These days we hear ceaselessly of "hate-watching." This is not merely a matter of people watching things they don't like (because their partner wants to watch and makes them sit through it), but of people deliberately watching things they don't like for the pleasures to be had in despising them.
It seems plausible that a good many people are only saying they are "hate-watching"--perhaps because they are embarrassed to admit they actually enjoy the trash they are consuming (as with those who "watch ironically").
Yet it is not wholly inconceivable that more of this may be going on, partly because of the pathetic desire of some to feel superior to something, anything, at all, partly because the Internet offers no shortage of cesspools in which to wallow in one's own nastiness about the safely petty, partly because of the increasing tendency to distracted rather than engaged viewing encouraged by a host of factors (like people catching TV anywhere and everywhere on their smart phone rather than sitting down for a proper watch).
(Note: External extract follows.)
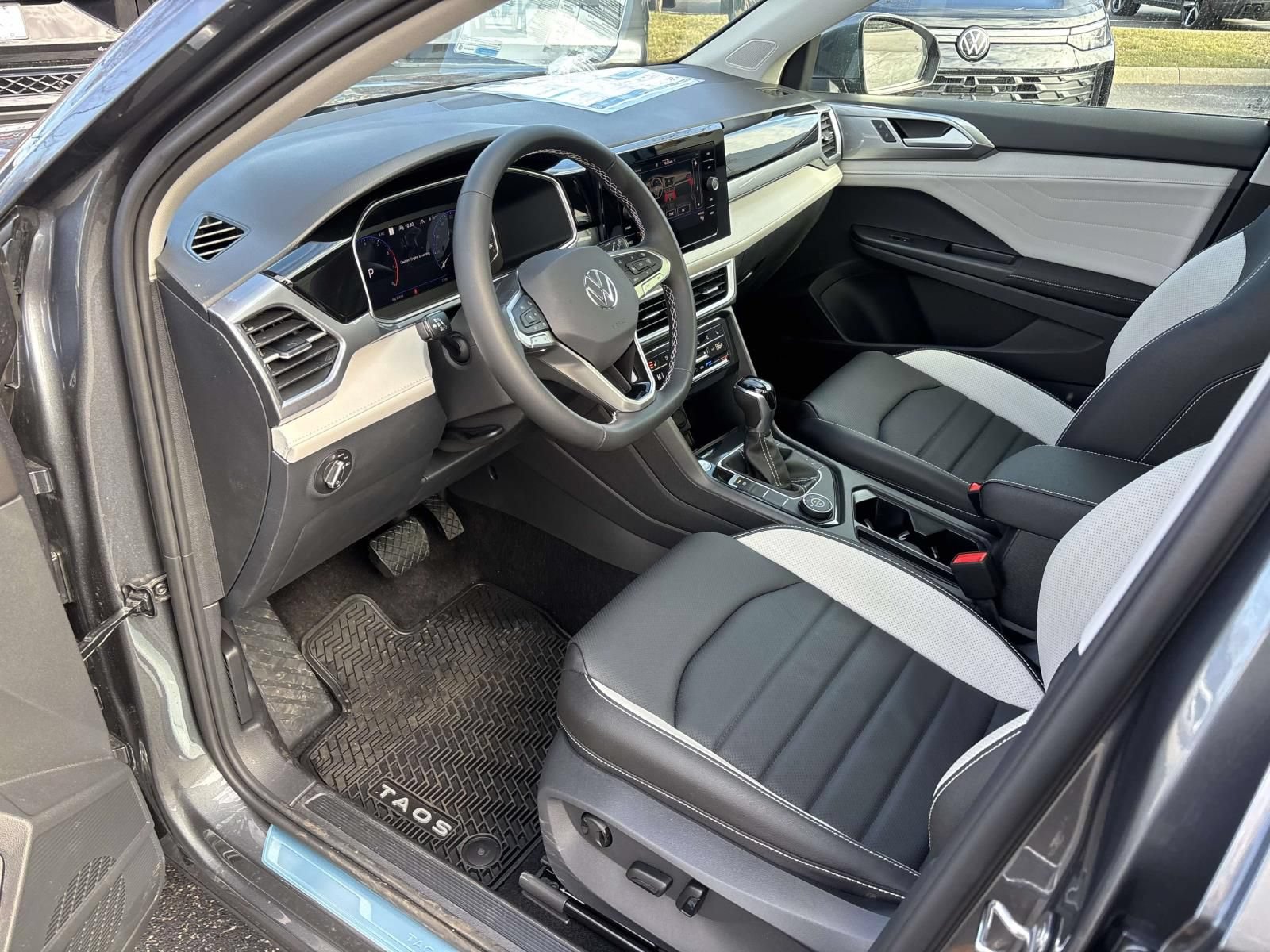 New 2026 Volkswagen Taos SEL AWD/4WD image 24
Still, one can picture something more serious going on. It may be that more people are so exhausted or stressed out that they can't get into anything really enjoyable, and find it easier to get pleasure out of mocking something bad rather than enjoying something good--perhaps all the more in as there is less casual, "easy," viewing in recent scripted production, and so many people take in so much of the execrable reality television that really does deserve all the insult that can be thrown at it. It may also be a matter of the extreme distance between what even people who are not incapable of enjoying a show or a movie actually experience when they see contemporary offerings as against what the increasingly loud claquing of the critics tells them they are supposed to be experiencing. (There was once a time when people laughed at the TV critics' unhinged outpourings of praise for The Sopranos, but alas this is standard now.) And it may be that what gets made now, reflecting our cultural politics, is inherently divisive--in contrast with the blander, more general audience-oriented fare of the past, pandering to some while showing utter contempt for the tastes of those outside the target audience, all as some are not just ready but eager to make a culture war out of anything and everything, and so rather than changing the channel on what they can't stand staying so that they can fight the good fight over at the review aggregators and everywhere else online.